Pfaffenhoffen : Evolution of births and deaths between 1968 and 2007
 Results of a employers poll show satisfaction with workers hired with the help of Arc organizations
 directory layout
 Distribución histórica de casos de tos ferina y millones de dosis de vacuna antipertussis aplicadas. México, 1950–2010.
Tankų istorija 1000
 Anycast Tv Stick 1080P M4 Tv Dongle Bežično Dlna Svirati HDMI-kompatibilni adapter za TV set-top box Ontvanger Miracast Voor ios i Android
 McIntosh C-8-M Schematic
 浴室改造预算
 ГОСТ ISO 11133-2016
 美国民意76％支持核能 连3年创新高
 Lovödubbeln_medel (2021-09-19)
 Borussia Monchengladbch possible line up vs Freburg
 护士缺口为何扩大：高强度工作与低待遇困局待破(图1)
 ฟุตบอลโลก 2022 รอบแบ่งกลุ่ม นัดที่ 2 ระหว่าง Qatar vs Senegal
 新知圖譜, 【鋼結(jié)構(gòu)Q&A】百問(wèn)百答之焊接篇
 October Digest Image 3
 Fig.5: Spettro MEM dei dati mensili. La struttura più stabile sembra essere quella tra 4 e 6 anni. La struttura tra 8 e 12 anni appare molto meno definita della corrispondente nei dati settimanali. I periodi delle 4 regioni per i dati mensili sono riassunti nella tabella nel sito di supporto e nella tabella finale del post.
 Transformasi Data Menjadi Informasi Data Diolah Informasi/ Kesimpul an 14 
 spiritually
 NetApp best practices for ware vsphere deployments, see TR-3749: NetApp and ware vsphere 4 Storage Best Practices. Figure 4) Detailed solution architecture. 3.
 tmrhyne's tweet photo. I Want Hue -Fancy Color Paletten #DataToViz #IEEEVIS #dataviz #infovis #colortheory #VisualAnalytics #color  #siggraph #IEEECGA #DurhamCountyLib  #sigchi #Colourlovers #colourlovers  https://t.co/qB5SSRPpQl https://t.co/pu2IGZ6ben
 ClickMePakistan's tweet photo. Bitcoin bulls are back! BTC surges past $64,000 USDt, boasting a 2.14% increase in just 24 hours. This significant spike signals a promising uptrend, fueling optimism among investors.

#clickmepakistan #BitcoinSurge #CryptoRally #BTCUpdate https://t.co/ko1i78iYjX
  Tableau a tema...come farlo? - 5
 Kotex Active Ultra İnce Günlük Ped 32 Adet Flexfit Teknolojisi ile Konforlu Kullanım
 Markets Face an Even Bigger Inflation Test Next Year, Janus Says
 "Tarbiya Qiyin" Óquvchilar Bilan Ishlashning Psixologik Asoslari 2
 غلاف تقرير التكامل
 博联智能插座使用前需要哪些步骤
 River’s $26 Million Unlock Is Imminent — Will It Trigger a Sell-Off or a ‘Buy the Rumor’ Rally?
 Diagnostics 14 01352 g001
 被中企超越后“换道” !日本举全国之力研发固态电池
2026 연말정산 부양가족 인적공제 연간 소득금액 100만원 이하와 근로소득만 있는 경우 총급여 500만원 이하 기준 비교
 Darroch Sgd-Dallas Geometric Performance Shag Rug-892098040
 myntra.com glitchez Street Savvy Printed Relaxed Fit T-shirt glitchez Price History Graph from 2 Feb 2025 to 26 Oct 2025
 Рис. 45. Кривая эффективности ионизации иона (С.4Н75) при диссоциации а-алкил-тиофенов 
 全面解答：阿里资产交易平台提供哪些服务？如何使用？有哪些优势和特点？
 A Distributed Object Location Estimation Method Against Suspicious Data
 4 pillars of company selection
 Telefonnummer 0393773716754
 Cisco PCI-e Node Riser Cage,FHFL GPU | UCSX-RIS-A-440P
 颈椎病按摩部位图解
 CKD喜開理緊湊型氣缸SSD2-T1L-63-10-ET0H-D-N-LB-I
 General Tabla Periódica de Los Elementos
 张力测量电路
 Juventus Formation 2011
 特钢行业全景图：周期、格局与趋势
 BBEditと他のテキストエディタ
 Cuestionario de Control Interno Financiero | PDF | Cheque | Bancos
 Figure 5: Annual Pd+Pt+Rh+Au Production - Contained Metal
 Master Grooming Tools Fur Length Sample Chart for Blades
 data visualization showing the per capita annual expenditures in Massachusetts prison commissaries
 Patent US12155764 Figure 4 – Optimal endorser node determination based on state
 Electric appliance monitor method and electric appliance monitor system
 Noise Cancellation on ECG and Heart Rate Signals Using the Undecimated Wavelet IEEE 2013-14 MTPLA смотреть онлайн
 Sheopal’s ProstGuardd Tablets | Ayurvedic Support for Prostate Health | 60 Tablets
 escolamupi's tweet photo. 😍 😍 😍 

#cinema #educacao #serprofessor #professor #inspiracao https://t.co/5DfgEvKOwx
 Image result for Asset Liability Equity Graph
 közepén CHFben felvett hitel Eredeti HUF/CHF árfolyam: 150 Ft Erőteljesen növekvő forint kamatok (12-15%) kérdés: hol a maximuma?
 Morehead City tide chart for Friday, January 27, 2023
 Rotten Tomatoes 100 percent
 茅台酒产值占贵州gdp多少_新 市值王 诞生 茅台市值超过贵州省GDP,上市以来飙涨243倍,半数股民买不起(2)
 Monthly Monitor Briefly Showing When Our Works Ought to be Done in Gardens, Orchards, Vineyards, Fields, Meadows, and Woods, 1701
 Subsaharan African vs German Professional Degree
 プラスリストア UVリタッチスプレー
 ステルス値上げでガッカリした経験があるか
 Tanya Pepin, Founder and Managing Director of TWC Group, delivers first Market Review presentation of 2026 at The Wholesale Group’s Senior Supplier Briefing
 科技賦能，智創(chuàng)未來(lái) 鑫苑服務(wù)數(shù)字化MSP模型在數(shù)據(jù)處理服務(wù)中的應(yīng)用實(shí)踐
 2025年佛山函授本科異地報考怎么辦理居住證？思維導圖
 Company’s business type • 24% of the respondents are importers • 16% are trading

-*-

REQUIREMENT = Out of the data above, give again only the lines starting at the one holding "Borussia Monchengladbch possible" and ending at the one holding "A Distributed Object", unchanged.

WRITTEN RESPONSE =
 Borussia Monchengladbch possible line up vs Freburg
 护士缺口为何扩大：高强度工作与低待遇困局待破(图1)
 ฟุตบอลโลก 2022 รอบแบ่งกลุ่ม นัดที่ 2 ระหว่าง Qatar vs Senegal
 新知圖譜, 【鋼結(jié)構(gòu)Q&A】百問(wèn)百答之焊接篇
 October Digest Image 3
 Fig.5: Spettro MEM dei dati mensili. La struttura più stabile sembra essere quella tra 4 e 6 anni. La struttura tra 8 e 12 anni appare molto meno definita della corrispondente nei dati settimanali. I periodi delle 4 regioni per i dati mensili sono riassunti nella tabella nel sito di supporto e nella tabella finale del post.
 Transformasi Data Menjadi Informasi Data Diolah Informasi/ Kesimpul an 14 
 spiritually
 NetApp best practices for ware vsphere deployments, see TR-3749: NetApp and ware vsphere 4 Storage Best Practices. Figure 4) Detailed solution architecture. 3.
 tmrhyne's tweet photo. I Want Hue -Fancy Color Paletten #DataToViz #IEEEVIS #dataviz #infovis #colortheory #VisualAnalytics #color  #siggraph #IEEECGA #DurhamCountyLib  #sigchi #Colourlovers #colourlovers  https://t.co/qB5SSRPpQl https://t.co/pu2IGZ6ben
 ClickMePakistan's tweet photo. Bitcoin bulls are back! BTC surges past $64,000 USDt, boasting a 2.14% increase in just 24 hours. This significant spike signals a promising uptrend, fueling optimism among investors.

#clickmepakistan #BitcoinSurge #CryptoRally #BTCUpdate https://t.co/ko1i78iYjX
  Tableau a tema...come farlo? - 5
 Kotex Active Ultra İnce Günlük Ped 32 Adet Flexfit Teknolojisi ile Konforlu Kullanım
 Markets Face an Even Bigger Inflation Test Next Year, Janus Says
 "Tarbiya Qiyin" Óquvchilar Bilan Ishlashning Psixologik Asoslari 2
 غلاف تقرير التكامل
 博联智能插座使用前需要哪些步骤
 River’s $26 Million Unlock Is Imminent — Will It Trigger a Sell-Off or a ‘Buy the Rumor’ Rally?
 Diagnostics 14 01352 g001
 被中企超越后“换道” !日本举全国之力研发固态电池
2026 연말정산 부양가족 인적공제 연간 소득금액 100만원 이하와 근로소득만 있는 경우 총급여 500만원 이하 기준 비교
 Darroch Sgd-Dallas Geometric Performance Shag Rug-892098040
 myntra.com glitchez Street Savvy Printed Relaxed Fit T-shirt glitchez Price History Graph from 2 Feb 2025 to 26 Oct 2025
 Рис. 45. Кривая эффективности ионизации иона (С.4Н75) при диссоциации а-алкил-тиофенов 
 全面解答：阿里资产交易平台提供哪些服务？如何使用？有哪些优势和特点？
 A Distributed Object Location Estimation Method Against Suspicious Data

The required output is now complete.